French Editor Says Kate Pics Not Shocking, Puts Them on Sale
Paris. The editor of French magazine Closer on Friday defended publishing topless photos of Prince William’s wife Catherine and said she was offering them for sale to publications across the world.
“These photos are not in the least shocking. They show a young woman sunbathing topless, like the millions of women you see on beaches,” Laurence Pieau told Agence France-Presse.
She said La Provence, a newspaper in the southern French region where the pictures were taken, had previously published a photo of the couple sunbathing on the same terrace of the chateau where the topless pictures were taken.
“It’s still on the Internet. That shocked no-one,” said the editor of the magazine owned by Mondadori, an Italian media company owned disgraced Italian ex-prime minister Silvio Berlusconi.
Closer has a world exclusive on the topless photos but plans to offer them for sale to other magazines across the globe, said Pieau. She declined to say how much her magazine paid for the images.
She said the terrace of the plush Viscount Linley villa where Catherine was pictured sunbathing with her husband was clearly visible from a nearby road.
The photos, which have not been published on the magazine’s website, were taken “by a professional photographer with whom we have previously worked,” she said.
The magazine was informed of the arrival of the royal couple in nearby Marseille on a scheduled British Airways flight, she said.

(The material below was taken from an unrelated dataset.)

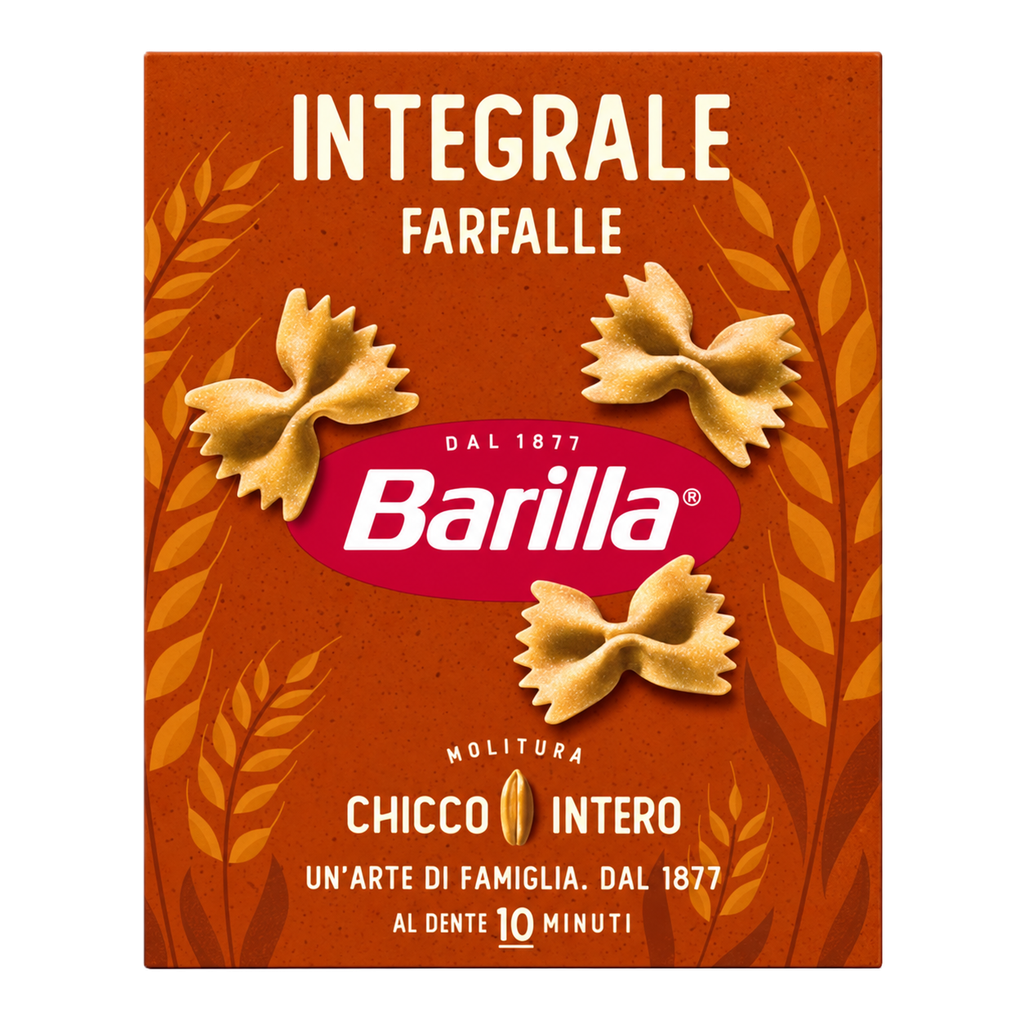 [KEL-BAR-FAR-INT-500] Barilla Volkoren Vlinderpasta - Farfalle (500 g)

The British magazine Closer, which is entirely separate from the French title, distanced itself from its namesake after a flood of online criticism over the photographs.
It said in a statement it had no intention of publishing the photos and that the two titles were run by completely different companies, with the British one run by Bauer Media.
The French press used to largely avoid coverage of the private lives of celebrities or politicians — former president Francois Mitterrand’s daughter by a mistress was famously ignored by the media in France until he died.
But the Internet, ex-president Nicolas Sarkozy’s tumultuous private life — which included a divorce and a marriage to an ex–upermodel in a matter of months — and the sex scandal surrounding Dominique Strauss-Kahn have helped boost the thirst for domestic details.
The French version of Closer is the leader of a new pack of glossy magazines that have been breaking down the long-established taboos surrounding the privacy of the rich and famous.
French law gives the state significant powers to block publication of intimate information or images but the consequences if media decide to “publish and be damned” are slim.
In theory, an editor breaching the law could face a one-year prison sentence and a fine of up to 45,000 euros.
But in practice, past precedent suggests a purely symbolic fine is the most offending publications risk and even a maximum fine would represent peanuts for a magazine like Closer.
The website of its publisher Mondadori says the group’s mission is to “encourage the widest possible dissemination of culture and ideas.”
Prince William and Catherine reacted with fury after Closer published the pictures, saying it raised the spectre of press harassment of William’s late mother Diana, who died in a Paris car crash in 1997 while being pursued by paparazzi.